Only later did the Russian Revolution sweep across other parts of Sub-Saharan Africa, although the Soviet Union lent diplomatic, and later financial and military, support to liberation movements from the very beginning. News of Russia's revolution trickled into the region, Maiga said, especially in French- and Portuguese-speaking colonies. It was mainly the few African mercenaries fighting for the French, from Senegal for example, who had heard about the revolution and were inspired. "It gave them hope for such a struggle for freedom in their own countries," Maiga said.

After the allied victory in the Second World War, when Soviet leader Josef Stalin was at the height of his power, Africa became a focal point for bipolar geopolitics: The US and its NATO allies on one side and the Soviet Union and its Warsaw Pact countries on the other. Both were looking to dominate the southern hemisphere.

After FRELIMO guerillas won independence from Portugal in Mosambique, they introduced a one-party state based on Marxist principlesImage: casacomum.org/Arquivo Mário Soares

For many Africans, financial and military support for their respective liberation movements was more important than ideology, Maiga said. Many French- and Portuguese-speaking colonies won their independence with significant help from the communist bloc.

Ideological warfare in Angola

The Marxist-Leninist People's Movement for the Liberation of Angola (MPLA) took power following Angola's independence from Portugal in 1975, with military support mostly from their socialist allies — the USSR, Cuba and East Germany.

For Angola's communists, non-communist independence movements were the ideological enemy and needed to be fought against, explained Jose Fragoso, who studied Marxist-Leninist ideology in East Germany in his youth. "We were convinced of that," he told DW. "We even engaged in a bloody civil war against other Angolan rebel movements."

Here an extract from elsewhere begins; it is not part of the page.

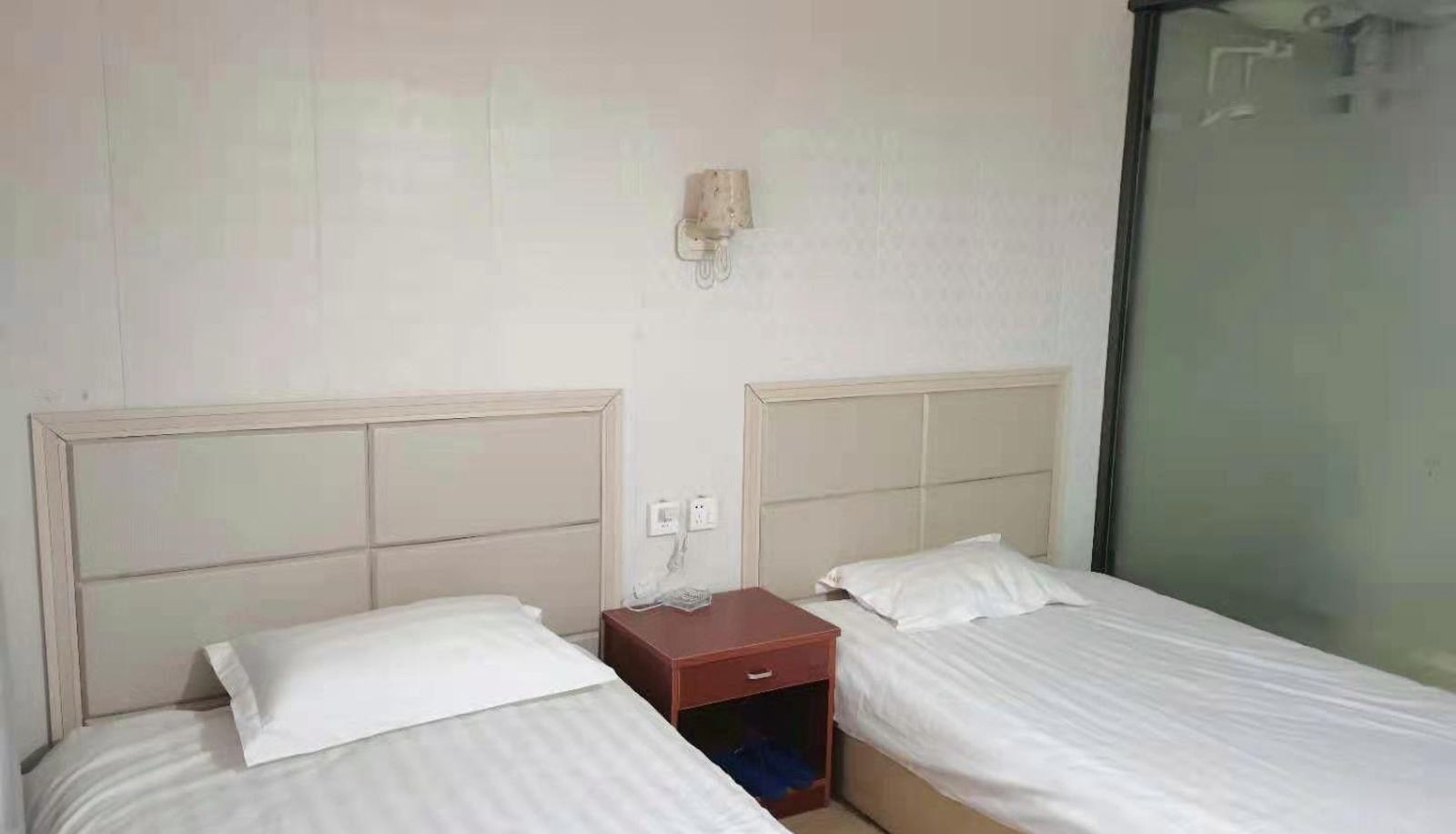 Room - Man Hong Guest Room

Angola is one of many African countries where one-party communist rule was installed. Multiparty rule was only made possible largely in the 1990s, following the collapse of the Soviet Union. For Fragoso, November 7, 1917, has been a dark date in history for some time. As he sees it, the communist system that began with the Russian Revolution was then imposed on Africa. "The October Revolution wasn't good for Angola," he said.